Il 14 luglio, il presidente americano ha firmato la legge, nota come Hong Kong Autonomy Act, con la quale gli USA imporranno sanzioni obbligatorie contro soggetti stranieri e banche per aver contribuito all’erosione dell’autonomia di Hong Kong, violando la Dichiarazione congiunta sino-inglese del 19 dicembre 1984 e la Basic Law, una legge della RPC adottata nel 1997 che funge da costituzione de facto dell’isola.

Contemporaneamente, Trump ha anche sottoscritto l’ordinanza esecutiva con la quale ha revocato il trattamento commerciale preferenziale che Washington accordava all’isola e ha annunciato che, da ora in poi, sarà trattata come la Cina continentale, bandendo i suoi privilegi, il trattamento economico speciale riservatole e le esportazioni di tecnologie sensibili. Il presidente ha poi aggiunto che non ha alcuna intenzione di intraprendere un dialogo con il suo omologo cinese, Xi Jinping.  Già dal 25 giugno scorso, Il Senato americano aveva passato all’unanimità il disegno di legge per l’Hong Kong Autonomy Act, che avrebbe interrotto lo US-Hong Kong Policy Act, in base al quale gli USA accordavano all’isola un trattamento diverso rispetto alla RPC in termini di commercio, diplomazia e politica.
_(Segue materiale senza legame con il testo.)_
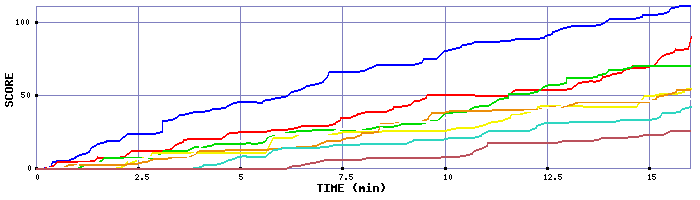 Score Graph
La dichiarazione congiunta sino-britannica citata da Trump era stata firmata tra Pechino e Londra il 19 dicembre 1984, in preparazione della cessione dell’ormai ex-colonia e ne stabiliva la nuova sovranità e la sua amministrazione secondo il modello “un Paese, due sistemi” che l’avrebbe esclusa dalla gestione sulla base del sistema del socialismo cinese per permetterle di proseguire con il suo modello di sviluppo capitalista, almeno fino al 2047. Secondo alcuni politici americani, la RPC, avendo imposto la nuova legge sulla sicurezza nazionale per Hong Kong lo scorso 30 giugno, avrebbe anticipato unilateralmente di 27 anni la scadenza. Tuttavia, per Pechino, poiché tale documento è stato fatto rientrare nella Basic Law, adottata alla cessione da parte del Regno Unito dell’ormai ex-colonia, il primo luglio 1997, esso non ha più  validità. Di conseguenza, secondo la RPC l’appello americano al trattato  sino-inglese non ha valore.

Il Ministero degli Esteri cinese ha affermato che gli USA non avranno successo nel loro tentativo di ostruire l’attuazione della legge sulla sicurezza nazionale per Hong Kong, approvata dal Comitato permanente dell’Assemblea Nazionale del Popolo (ANP), l’organo che detiene il potere legislativo della RPC ed entrata in vigore dalla mezzanotte del primo luglio scorso. Con essa sono stati proibiti movimenti secessionisti e sovversivi, interferenze straniere e atti di terrorismo, ed è stata istituita la Commissione di Salvaguardia della Sicurezza Nazionale che prevede l’impiego di forze dell’ordine rispondenti al governo centrale di Pechino.

In base a tale legge, la governatrice di Hong Kong, Carrie Lam, ha affermato il 13 luglio che le primarie tenute dal fronte pro-democrazia gli scorsi 11 e 12 luglio potrebbero essere classificate come azione sovversiva, portando alle dimissioni di uno dei principali organizzatori, Au Nok-hin, già dal 14 luglio. Il 33enne del fronte pro-democrazia ha dichiarato di non aver avuto altra scelta per tutelare la propria sicurezza.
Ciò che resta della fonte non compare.